A Touching Story with a Fairy Tale Ending - SNU Campus Couple Donates Two Billion KRW to Alma Mater 

LEE Soon-Ja, Sookmyung Women’s University honorary professor in the Department of Library and Information Sciences, who lost her husband KIM Jae-Ik in the 1983 Aung San terrorist bombing (also known as the Rangoon Bombing) in Burma, has donated two billion KRW to her and her husband’s alma mater SNU.

On the first day of this month, Professor Lee met SNU President Oh Yeon-Cheon and handed over her family’s life savings -- two billion KRW -- asking for it to be used to “educate young scholars who dream of becoming government officials in the field of economics” as her husband had been before becoming a senior secretary for economic affairs. She also expressed her plans to bequeath her house upon her death to the university as well.
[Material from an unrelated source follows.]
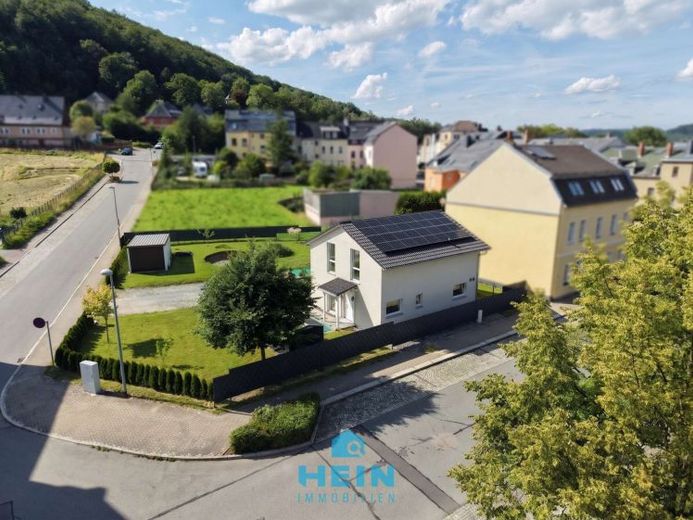 Abitare in modo sicuro per il futuro - Casa a efficienza KFW, anno di costruzione 2022, nel cuore di Aue! – Foto 1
Seoul National University decided to honor Professor Lee’s request and to establish the “SNU Kim Jae-Ik Scholarship Fund for International Students” to support public officials in developing countries. SNU announced on December 2 that the agreement signing ceremony for this scholarship will take place later this month.

On October 9, 1983, the DPRK carried out a terrorist bombing at Aung San’s tomb, the symbol of Myanmar’s independence, aimed to murder former Korean President Chun Doo-Hwan. Seventeen high ranking government officials were killed on duty including Lee Soon-Ja’s husband Kim Jae-Ik, senior secretary for economic affairs. After losing her husband to that misfortune, Lee Soon-Ja self-handedly looked after her two sons for 27 years.
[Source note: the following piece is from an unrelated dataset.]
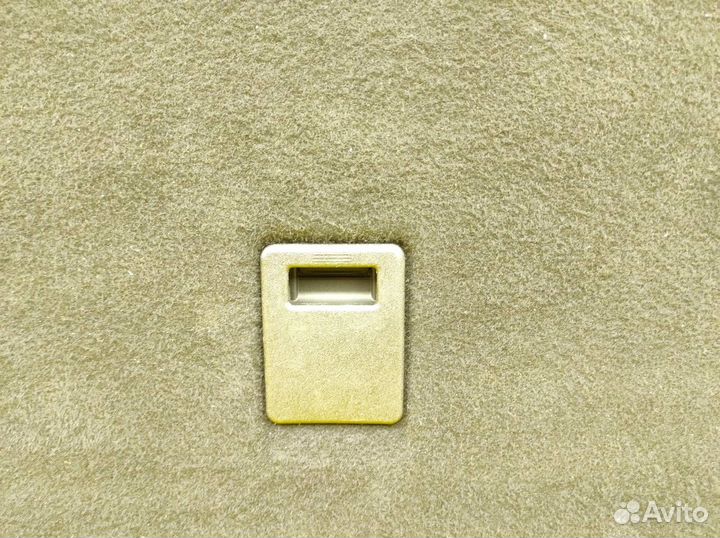 Обшивка багажника Mercedes-Benz W212 OM651.924 2.1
In the 1950s, Lee Soon-Ja ’61 and Kim Jae-Ik ’60 met as undergraduate students at SNU and became a campus couple. Lee Soon-Ja attended the College of Humanities majoring in French Language and Literature, while her husband Kim Jae-Ik was a student in the Department of International Relations in the College of Social Sciences. The couple married soon thereafter.

After graduation, Professor Lee and her husband were able to study abroad in the United States with the support of the University of Hawaii East-West Cultural Center and Stanford University Ford Foundation Scholarship in the 1960s. That experience and opportunity lead Professor Lee to later decide to give away her life savings to help young scholars from developing countries to raise their country’s economy as her husband did back when Korea was underdeveloped. Professor Lee commented, “Just as we contributed to our country with education provided by scholarships from developed countries, it is now our turn to aid countries less developed than ours in order to strengthen our global sense of community.”

Kim Jae-Ik, the former senior secretary for economic affairs, is attributed with having constructed a blueprint for the Korean economy in the 1980s. He felt that the government-led central economy at the time had limitations and thus was an advocate of the transition to privatization of the economy.